Shakespeare, All's Well That Ends Well Like Italy itself as imagined by later generations, Gasparo Angiolini's theater was populated by statues: simulacral humans who dwelt among the living, arousing longing, wreaking vengeance, or assisting in colonization. Yet unlike, say, the marble goddess in Heine's Florentinische Nächte (1837) or the sculptures in Madame de Staël's Corinne, ou l'Italie, which aroused or unsettled in their very stillness, Angiolini's statues came to life to interact with the living, their newly animated limbs moving rhythmically in time to music. Angiolini was the foremost Italian choreographer of the second half of the eighteenth century. He is best known today for his Don Juan (Vienna, 1761, with music by C. W. Gluck), which featured the return of the sepulchral "stone guest." In 1767, he choreographed a ballet on the subject of Ovid's Pygmalion myth. In his late propaganda ballet Deucalione e Pirra (Milan, 1797), the hero and heroine create humans from rocks to repopulate the world. Yet surely the most peculiar of Angiolini's animated statues is found in La vendetta spiritosa, which had its premiere in May 1781 at Milan's new opera house, the Teatro alla Scala. For La vendetta spiritosa, Angiolini wrote the story, choreographed the dance steps and gestures, and even composed his own musical accompaniment, each medium carefully designed so as to correspond to the others. Yet as we will see, if La vendetta spiritosa was brought into being by an ideal of the complete artwork — which would later be called a Gesamtkunstwerk — it was a version of this ideal that was organized around the aesthetic force of the mute, muscular body. In the ballet, Arcadian shepherds and shepherdesses enact a portion of Étienne Bonnot de Condillac's philosophical tract, the Traité des sensations, bringing a statue to life by stimulating its sensing organs. Angiolini's aim, as we will see, was to communicate "ideas, even the abstract ones of philosophy," through bodily motion and music. Despite the challenges that La vendetta spiritosa must have posed to its audience, it was deemed a success and revived a decade later for Venice as La vendetta ingegnosa, o la Statua di Condilliac.

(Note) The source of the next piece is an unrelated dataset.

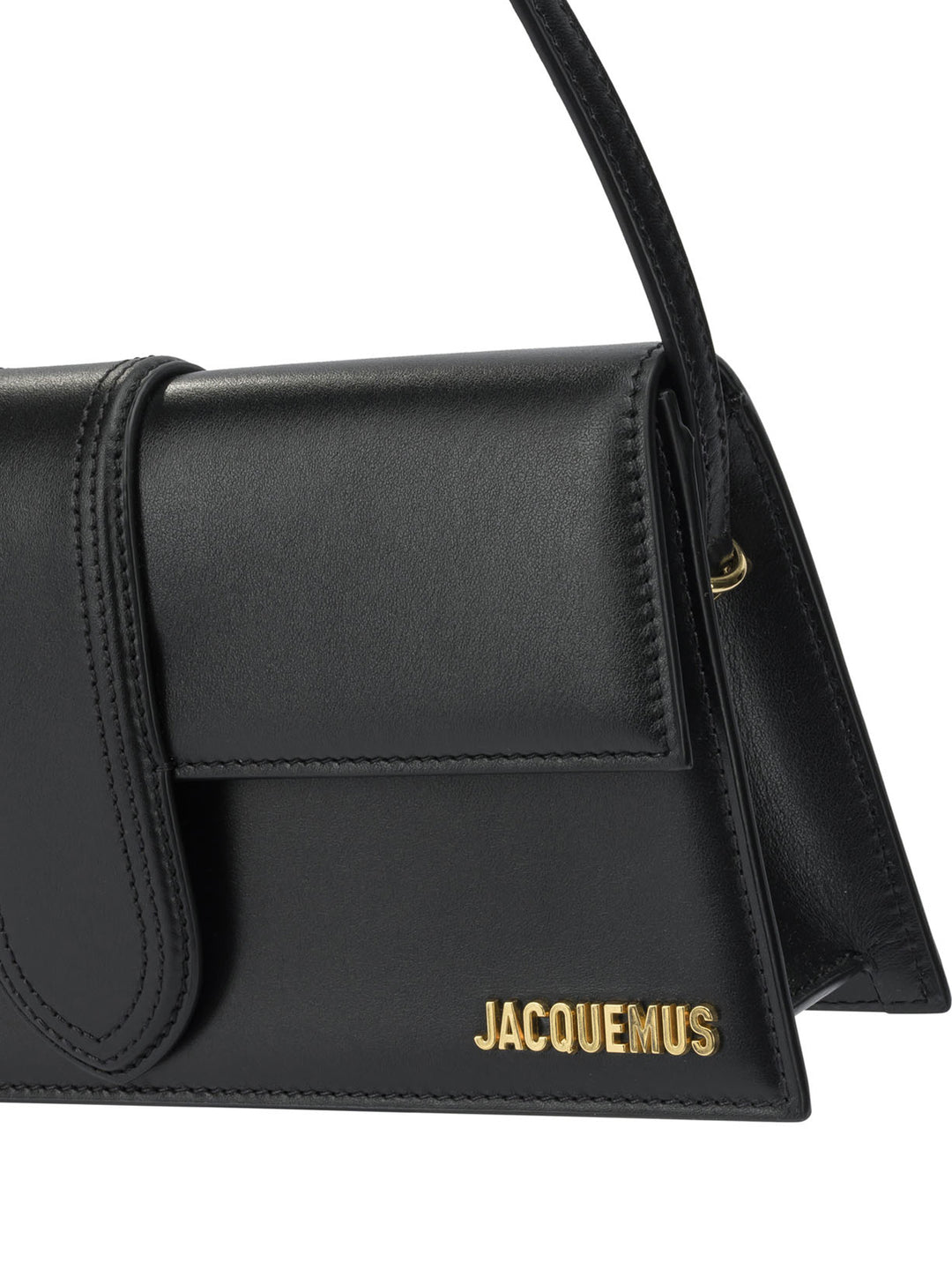 Jacquemus Le Bambino Long Shoulder Bags - Black | 3c875a61a5ad1ca1777d5bc4ec557e0991a4395f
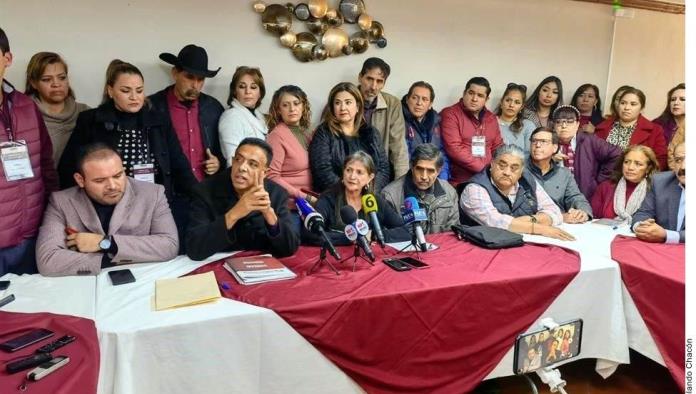 Divide Guadiana a Morena Coahuila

Gathering strands from performance traditions, literature, and high-Enlightenment philosophy, the coming pages will show how the animated statue became a figure of aesthetic engagement and in the process granted new status to untexted music as an animating force. This figure emerged in Angiolini's writings and pantomimes alongside a host of new notions about how symbols were perceived and understood and what changes they might effect in their perceivers. Angiolini had argued since the 1760s that gesture could function as a language, provided it had an appropriate musical accompaniment. As we will see, his three well-known Viennese pamphlets — the prefaces to Don Juan (1761) and La Citera assediata (1762) and the "Dissertation sur les ballets pantomimes" that accompanied his Sémiramis (1765) — drew on recent French theories of language. But his "philosophical" ballet on the statue theme — which will serve as the crux of this first chapter — must be understood as a monument to Milan, that ancient, sprawling capital of Austrian Lombardy, where Angiolini lived for the last three decades of his life and which was home to one of Europe's most distinctive projects of mass enlightenment. Among his colleagues, there were Pietro Verri and Cesare Beccaria, figures now remembered as legal and political theorists but who were also energetic participants in debates on music, theater, and the Italian language. As we will see, Angiolini and his Lombard compatriots created something like an antique semiotics that spanned language and the fine arts. They sought a reformed relationship between meaning and its avatars, and new uses for representative sound. Their goal was nothing less than a revitalized Italian culture, and through it an Italy reborn.

WHO DO you THINK YOU ARE?

We can begin with a genealogy, dwelling on two immediate ancestors of La vendetta spiritosa. Animated statues have, of course, featured in Western imaginations since classical times. Prometheus was said to have created humans from clay; Pindar lauded a race of stone men; the story of Pygmalion is told in Ovid's Metamorphoses. Of these, the last had the most vibrant afterlife, transmitted within early modern romance, didactic literature, and art criticism. Wendy Heller has found troupes of dancing statues in seventeenth-century Venetian opera. Less well documented is the tradition of improvisatory performance that existed alongside this literary tradition, which informed it and was changed by it. The moving statue was a staple of commedia dell'arte players. It can be found in innumerable lazzi set in ruins or sculptors' ateliers and in improvised versions of plays and stories featuring such characters. For instance Don Juan, with its famous stone guest, entered the repertoire of the commedia dell'arte on its arrival in Naples in the early 1630s and remained there for the next two hundred years; the half-dozen comic operas on that text that appeared between 1777 and 1787 bore the marks of this tradition. After all, metamorphosis had always been a favorite inspiration for Harlequins and Pulcinellas.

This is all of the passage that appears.